Was also, wenn der Ex-Senator Recht behält? Dann, so erträumt es sich die Künstlerin Bernadette La Hengst, früher in Hamburg, jetzt in Berlin wohnhaft, müsste das Fünftel Rest-Deutsche in diesem Land zum Integrationskurs, um sich in der multikulturellen Gesellschaft zurecht zu finden. Für La Hengst, 43, ist das eine Utopie, die sie in ihrer Show „Integrier mich, Baby!“ in Hamburg schon mal wahr werden lässt. Premiere ist am kommenden Sonntag.

Drei Lehrer gibt es in ihrem „multi-musikalischen Integrations-Diskurs für alle“, sie stammen aus Nigeria, Kolumbien und der Türkei und haben bereits Erfahrung mit Integrationskursen herkömmlicher Art.
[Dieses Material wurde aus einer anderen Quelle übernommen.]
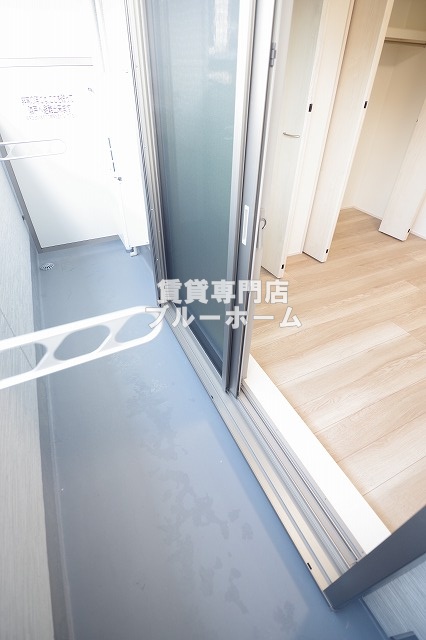 バルコニー　風通しの良いバルコニー！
Alle drei sind Laien, die La Hengst in einem Integrationskurs der türkischen Gemeinde in Hamburg-Altona getroffen hat. Jetzt drehen sie den Spieß um und leiten in der Garage des Thalia in der Gaußstraße, einer Nebenspielstätte des Thalia Theaters, einen Kurs, in dem nicht Wissen über deutsche Geschichte abgefragt wird, sondern die „Geschichte der Wanderung im Wandel der Zeit“. Kurs-Teilnehmer sind die Zuschauer, Lernziel ist das Erreichen einer „neuen Hyperkultur“. La Hengst tritt auf als „Integrette“, eine Art „Super-Heldin der Integration“.
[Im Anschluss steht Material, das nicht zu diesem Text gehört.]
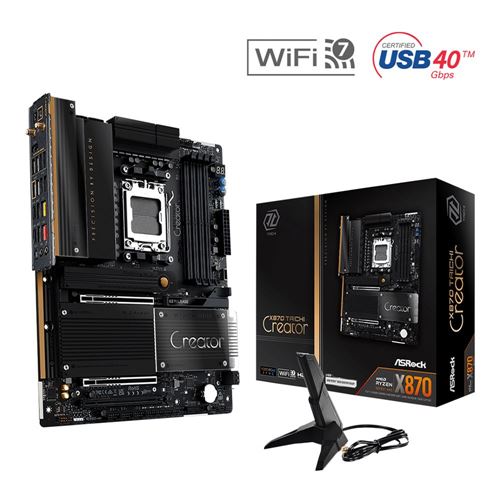 ASRock X870 Taichi Creator AMD AM5 ATX Motherboard — vista 4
Damit das Ganze nicht zu didaktisch wird, wird auch viel Musik gemacht. La Hengst hat die Texte dazu selbst geschrieben, Ehrensache, schließlich begann ihre Künstlerinnen-Karriere als Musikerin der „Hamburger Schule“. Mit der Band „Die Braut haut ins Auge“ brachte sie es in den Neunzigern zu einiger Berühmtheit; seit 2000 hat sie drei Solo-Alben veröffentlicht.
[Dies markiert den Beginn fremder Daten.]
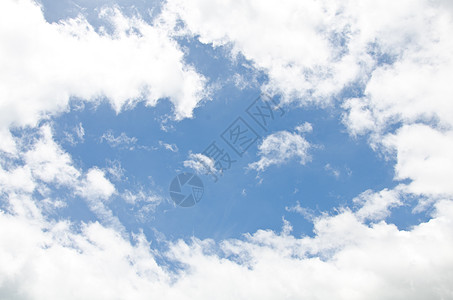 蓝蓝天空积雨太阳季节天堂场景臭氧自由蓝色编队空气图片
Wer ist überhaupt fremd, wer deutsch?

Dass es sie wie andere Musiker (z.B. Rocko Schamoni, Schorsch Kamerun) in die Theaterlandschaft verschlagen hat, liege daran, „dass man seit dem Einbruch des Musik-Business von der Musik allein nicht mehr leben kann“, gibt La Hengst unumwunden zu. „Und die Theater erhoffen sich von uns einen neuen, frischen Blick.“

So soll „Integrier mich, Baby!“ denn auch kein klassischer Theaterabend werden, sondern eine bunte Show im Rahmen der kleinen Reihe „Goldene Hochzeit“, die „50 Jahre Anwerbeabkommen zwischen der Bundesrepublik Deutschland und der Republik Türkei“ feiert. Ein Spektakel mit ernstem Hintergrund, bei dem es La Hengst um Fragen geht wie die, „warum wir hier immer noch von Gastfreundschaft reden, wo es doch eigentlich um Bürgerrechte geht“.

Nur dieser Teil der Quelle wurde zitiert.